The SonicCS protocol disseminates events periodically via a gossip protocol. No acknowledgment round is required, no global coin (a shared randomness beacon built from threshold signatures, used by asynchronous BFT protocols to break ties when validators would otherwise stall) is formed, and no aggregate certificate is produced; instead, partial synchrony is relied on to achieve liveness. 

Each event in the unstructured DAG carries only a standard digital signature from its creator; the only additional cryptographic primitive required is a hash function to reference parent events in the DAG.

Migrating to post-quantum security, therefore, requires only replacing the per-event and transaction signatures with a NIST-standardized scheme such as Dilithium or Falcon; nothing else in the SonicCS protocol changes.

What This Means for Sonic

Most PoS chains will face a painful migration when post-quantum cryptography becomes mandatory. Protocols built around BLS aggregation and threshold signatures will need to rework certificate structures, bandwidth models, and, in some cases, even their core trust assumptions.

Sonic does not have that problem. SonicCS uses only two cryptographic primitives: a standard digital signature per event and a hash function to reference parents in the DAG. When the industry moves to post-quantum standards, Sonic swaps the signature scheme, updates the hash output size, and ships. The consensus logic, the DAG structure, and the liveness guarantees all stay the same.

This is the payoff of vertical integration. Because Sonic owns its consensus protocol end-to-end, it can make forward-looking architectural decisions at the cryptographic layer today rather than scrambling to retrofit when the threat becomes operational.

(The Sonic tech team will keep up to date with Ethereum Foundation's approach to Post-Quantum updates, roadmap and research.)


Frequently Asked Questions

Q1: Why are quantum computers a problem for blockchains?

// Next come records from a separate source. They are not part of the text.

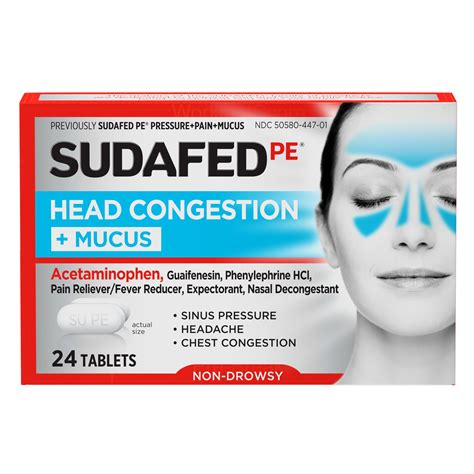 Sudafed PE Head Congestion + Mucus Non-Drowsy Relief Tablets, 24 ct ...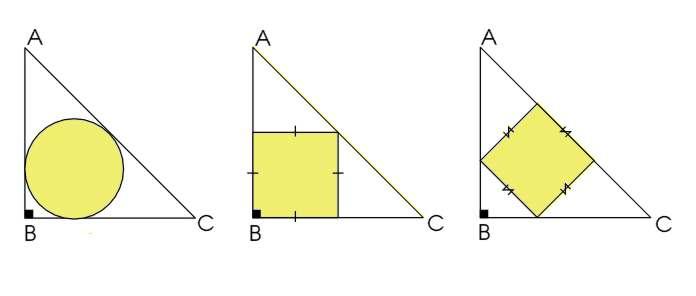 A right angled isoceles triangle, with a circle inscribed such that its touching all 3 edges; a square inscribed so it shares the right angled corner and is as big as possible without leaving the triangle; and a square which shares the hypotenuse edge and is inside the triangle.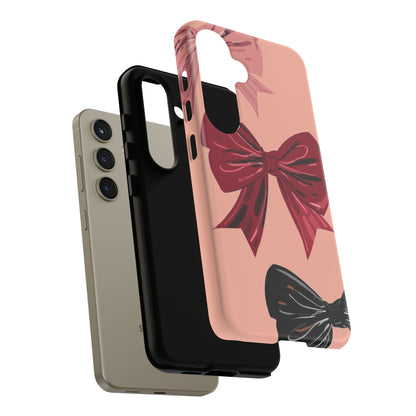 Bow Pattern Tough Phone Case — Pink, Red & Black Decorative Bows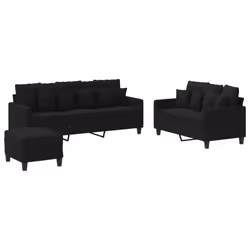 Set di Divani 3 pz con Cuscini Nero in Tessutocod mxl 104321 - Vista aggiuntiva 2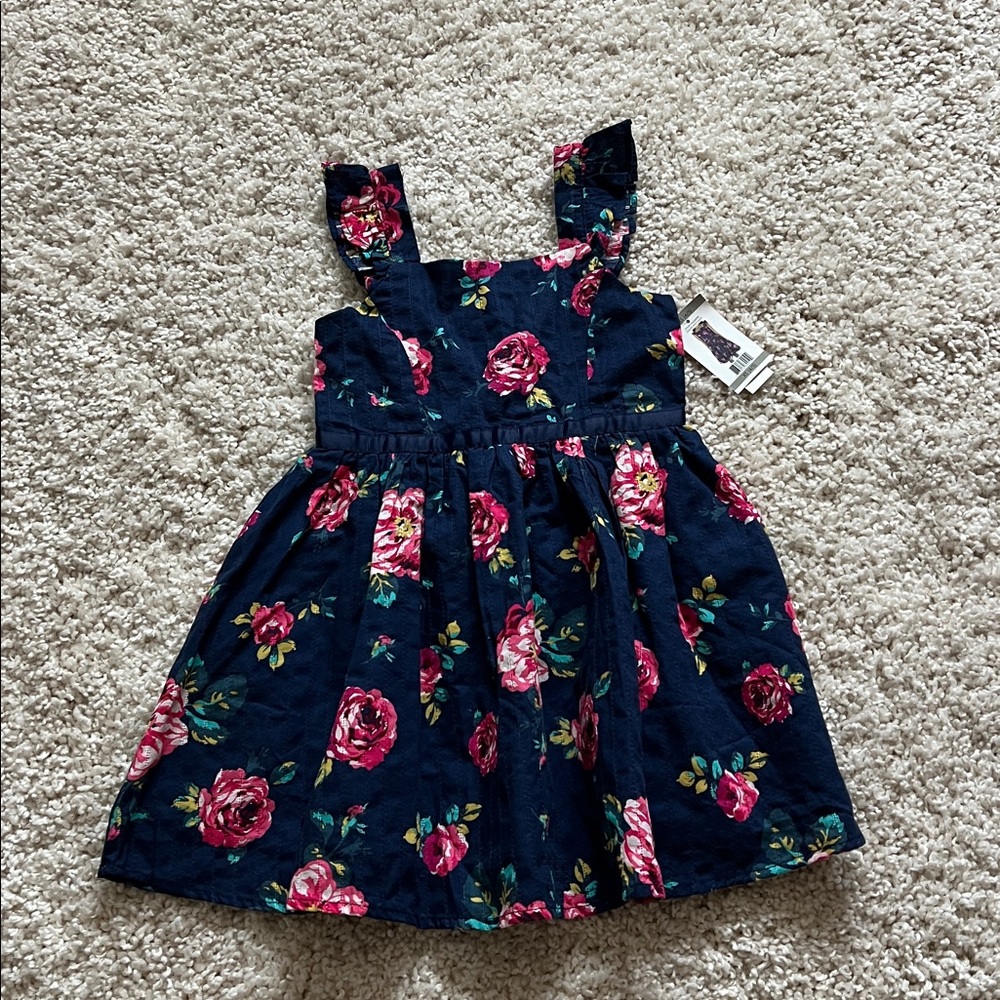 Zunie Navy Dress with Pink Floral Design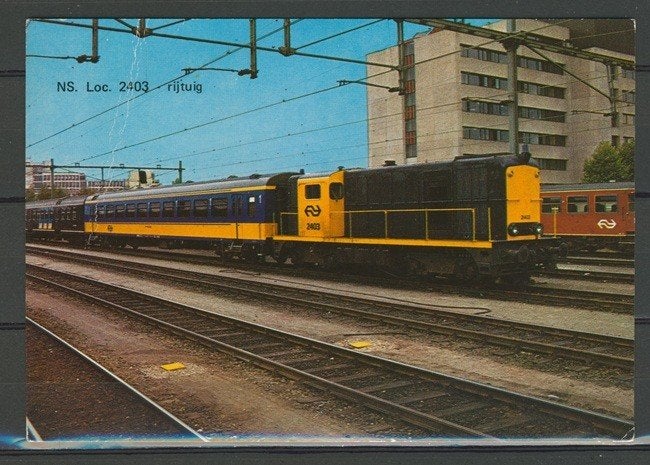 NS Locomotief Lok No. 2403 Foto-Ansichtkaart Trein t-201 jdu, Ophalen of Verzenden, Zo goed als nieuw, Trein, Kaart of Prent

A: Blockchains use digital signatures to prove ownership. Quantum computers can break the math behind today's signatures, which would let attackers forge them and steal funds.

Q2: What is the "aggregation trap"?

A: Most blockchains combine many signatures into one small certificate to save space. The quantum-safe replacements can't be combined easily, and they get huge and slow. So these chains can't just swap in new crypto; they'd need big redesigns.

Q3: How does SonicCS avoid this trap?

A: SonicCS keeps it simple. Each event just has one regular signature and a hash linking to earlier events. No combined certificates, no fancy extras, so there's nothing complicated to fix later.

Q4: What will the quantum upgrade look like for SonicCS?

A: Easy. Swap in a quantum-safe signature, update the hash, and done. Everything else stays the same. Other chains will have a much tougher time.